Indiana, at 20th nationally in sacks per game as a team (2.83) is tied for the highest-ranked team in that statistical category Notre Dame has faced this year — tied with … Northern Illinois, which recorded two for 22 yards in losses.
Indiana quarterback Kurtis Rourke
One of the 17 players that came to IU this offseason via the transfer portal who did not come from James Madison, Rourke was a multi-year starter at Ohio University, and kind of a dual threat during that time, rushing for more than 200 each season from 2021-23 and averaging 3.3 yards per carry or more.
This season the 6-foot-5, 223-pound former two-star prospect from Binbrook, Ontario, Canada, has netted minus-25 rushing yards. But his pass efficiency rating has improved from a nation’s 64th-best 132.5 rating with Ohio in 2023 to a nation’s best this season (181.4).
Friday night, he’ll get to mix it up with the nation’s No. 1 pass-efficiency defense. The previous best was Ohio State’s nation’s fourth-best unit, and Rourke was held to a season-low 68 passing yards on 8-of-18 accuracy in IU’s lone loss this season.

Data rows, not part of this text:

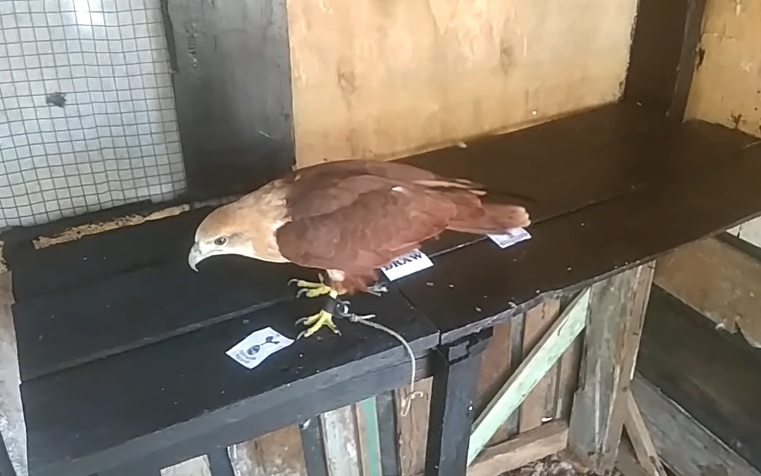 Tiên tri đại bàng dự đoán Tottenham vs Crystal Palace, 22h ngày 26/12 - Ảnh 6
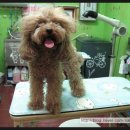 쁘띠 펫 살롱 이미지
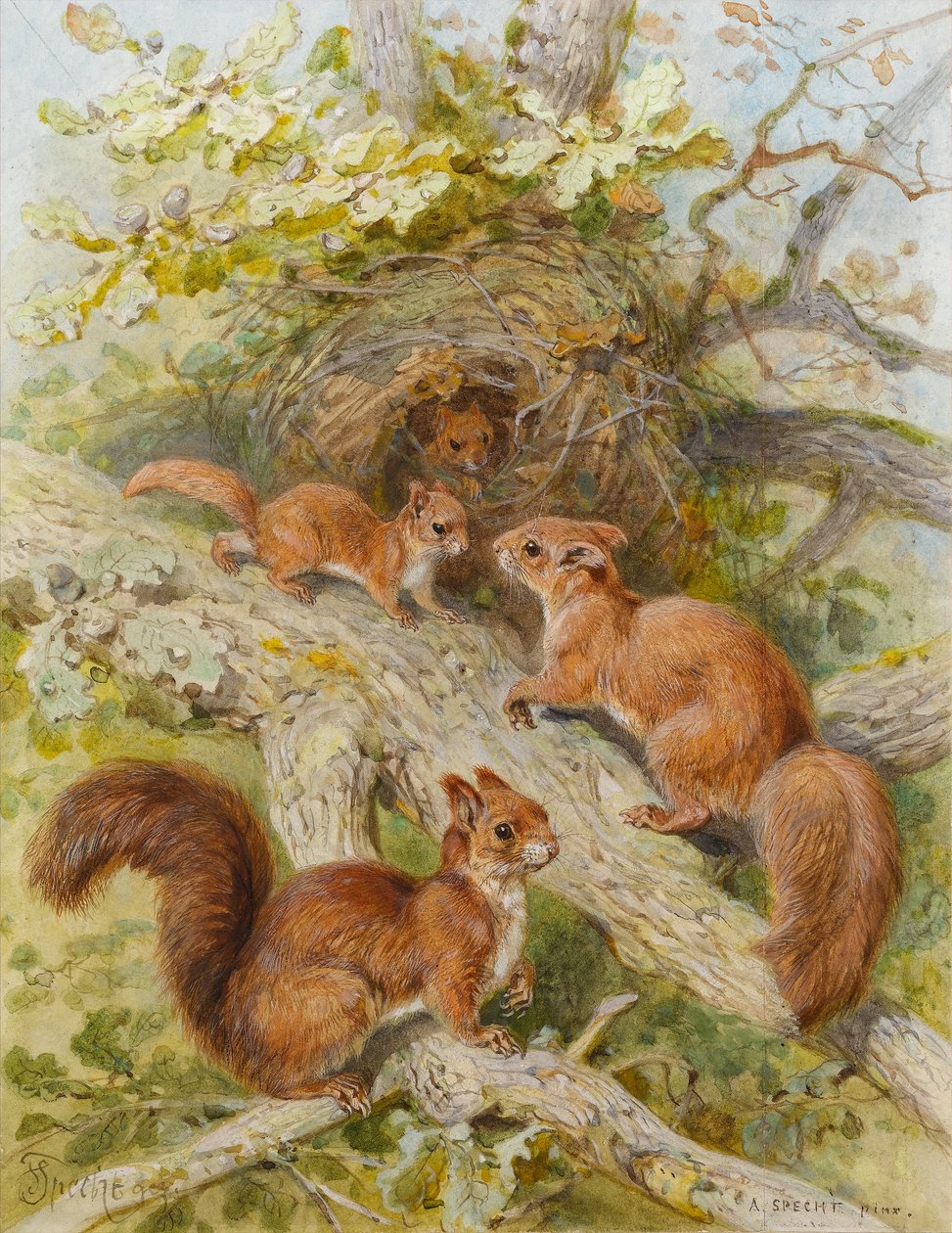 Red Squirrels by August Specht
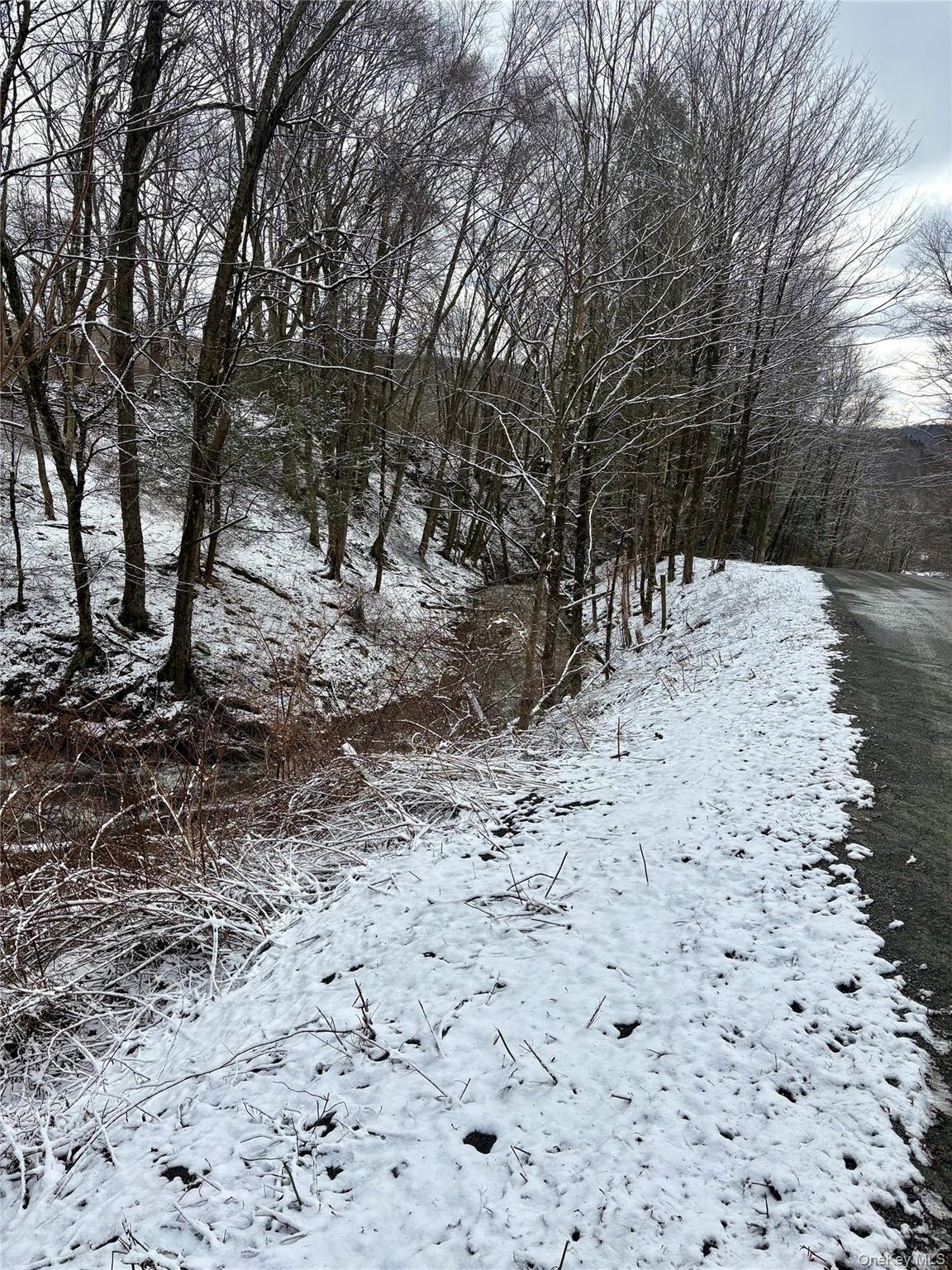 28 T R Fremont Center, NY 12736 - Photo 5 of 47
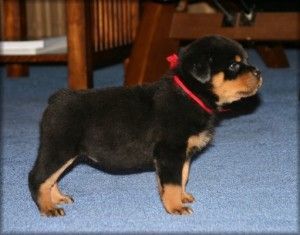 Rottweiler puppies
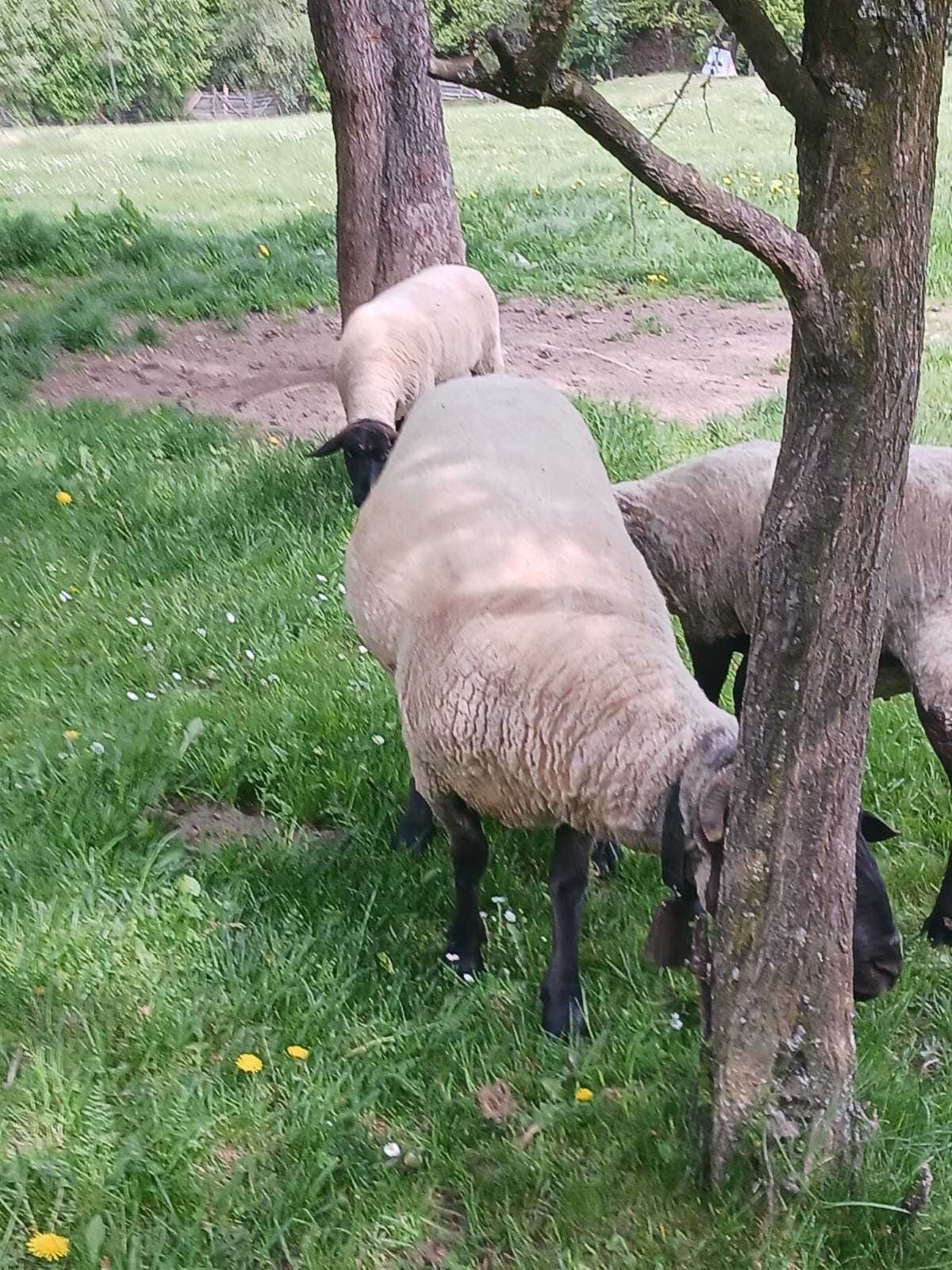 Vând/ schimb berbec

Notre Dame nose guard Howard Cross III
The 2023 All-American spent the first part of the season playing through a chronic hamstring injury and missed the last part — 3 ½ games worth in November — with a high ankle sprain. In between, he was a dominating force against the run and a big part of ND’s pass rush, both getting sacks himself and creating opportunities on the edge with his consistent pressure up the middle.
And now he’s back, supposedly all the way back.
To the point, in fact, a question about how much he would be used initially confused Irish defensive coordinator Al Golden.
Q: With Howard Cross III returning, can he be full go after being out so long? Or do you have to work him in?
“When you say work in …”
Q: He’s a heavy-rep guy normally. Can he be a heavy-rep guy?
“Yeah. I’m not anticipating ‘working him in’ on Friday. I don’t need him standing next to me.”
A big part of Ohio State holding IU QB Kurtis Rourke down was pressuring him relentlessly. Notre Dame would like to cut and paste a page out of that playbook, with Cross’ help.